Any component that uses TCP (like the <<modules-http,HTTP>> and
<<modules-transport,transport>> layers) share the following settings:

`network.tcp.no_delay`::
(<<static-cluster-setting,Static>>)
Enable or disable the {wikipedia}/Nagle%27s_algorithm[TCP no delay]
setting. Defaults to `true`.

`network.tcp.keep_alive`::
(<<static-cluster-setting,Static>>)
Configures the `SO_KEEPALIVE` option for this socket, which
determines whether it sends TCP keepalive probes.

`network.tcp.keep_idle`::
(<<static-cluster-setting,Static>>)
Configures the `TCP_KEEPIDLE` option for this socket, which
determines the time in seconds that a connection must be idle before
starting to send TCP keepalive probes. Defaults to `-1`, which uses
the system default. This value cannot exceed `300` seconds. Only applicable on Linux and macOS,
and requires Java 11 or newer.

`network.tcp.keep_interval`::
(<<static-cluster-setting,Static>>)
Configures the `TCP_KEEPINTVL` option for this socket,
which determines the time in seconds between sending TCP keepalive probes.
Defaults to `-1`, which uses the system default. This value cannot exceed `300` seconds.
Only applicable on Linux and macOS, and requires Java 11 or newer.

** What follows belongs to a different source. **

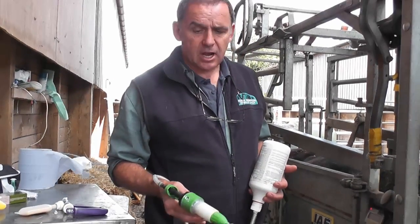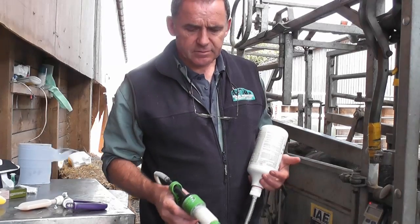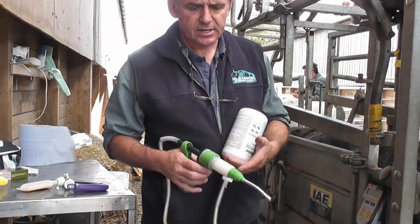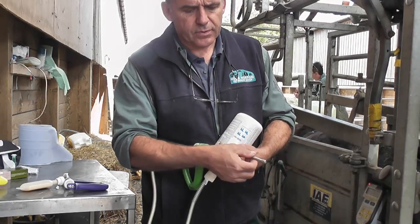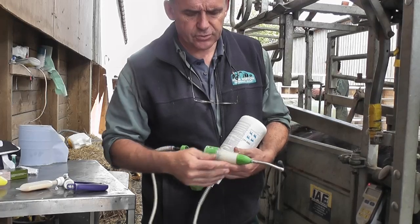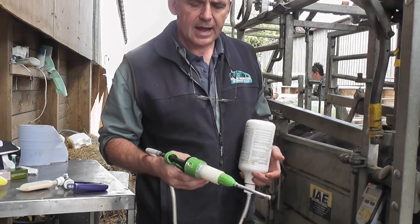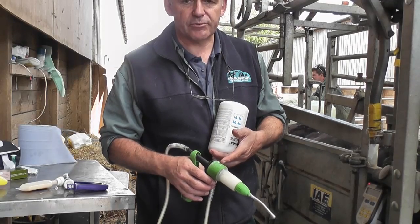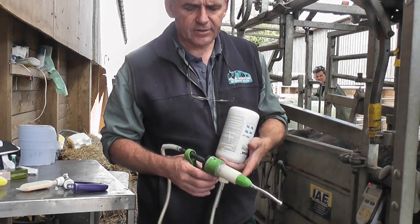We're going to drench these calves. When you're drenching calves, it's important to make sure that the burette is calibrated, that you've got a nice smooth mouthpiece with no rough edges to cause any damage to the calf, and that you check the calibration. You can do that simply with a syringe to check that it is delivering the correct dose.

`network.tcp.keep_count`::
(<<static-cluster-setting,Static>>)
Configures the `TCP_KEEPCNT` option for this socket, which
determines the number of unacknowledged TCP keepalive probes that may be
sent on a connection before it is dropped. Defaults to `-1`,
which uses the system default. Only applicable on Linux and macOS, and requires
Java 11 or newer.

`network.tcp.reuse_address`::
(<<static-cluster-setting,Static>>)
Should an address be reused or not. Defaults to `true` on non-windows
machines.

`network.tcp.send_buffer_size`::
(<<static-cluster-setting,Static>>)
The size of the TCP send buffer (specified with <<size-units,size units>>).
By default not explicitly set.

`network.tcp.receive_buffer_size`::
(<<static-cluster-setting,Static>>)
The size of the TCP receive buffer (specified with <<size-units,size units>>).
By default not explicitly set.

[discrete]
=== HTTP and transport network communication

Each {es} node uses the network for two different methods of communication:

* it exposes an <<modules-http,HTTP interface>> for use by clients.

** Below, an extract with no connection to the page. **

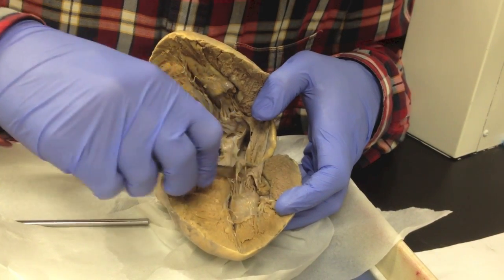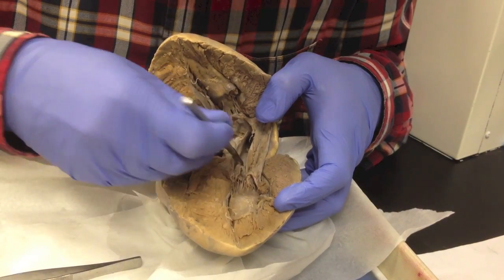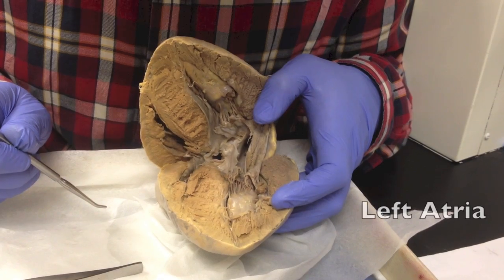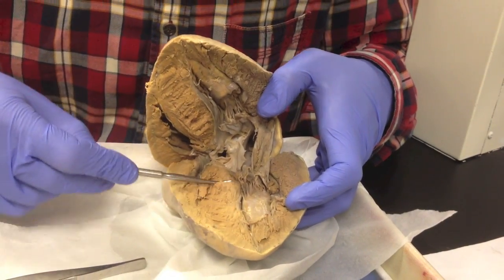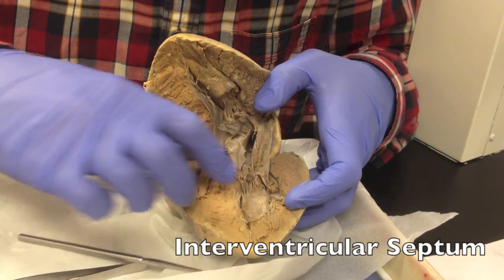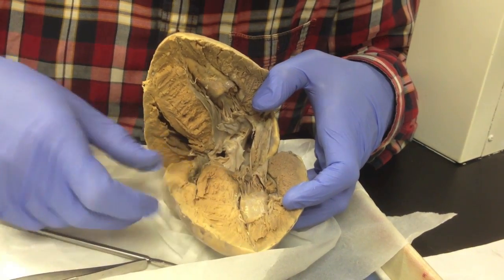If you bypass this valve, you go up there way deep, and you see your left atria. Between the left and the right atria, I have this piece of flesh here that is the interventricular septum. It's a major piece of cardiac muscle that separates the two chambers.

* it exposes a <<modules-transport,transport interface>> for communication
between nodes within a cluster and for communication with a
<<modules-remote-clusters,remote cluster>>.

The network settings described above apply to both methods of communication,
and you can also configure each interface separately if needed. See the
<<modules-http,HTTP>> and <<modules-transport,transport>> pages for more
details on their respective configurations.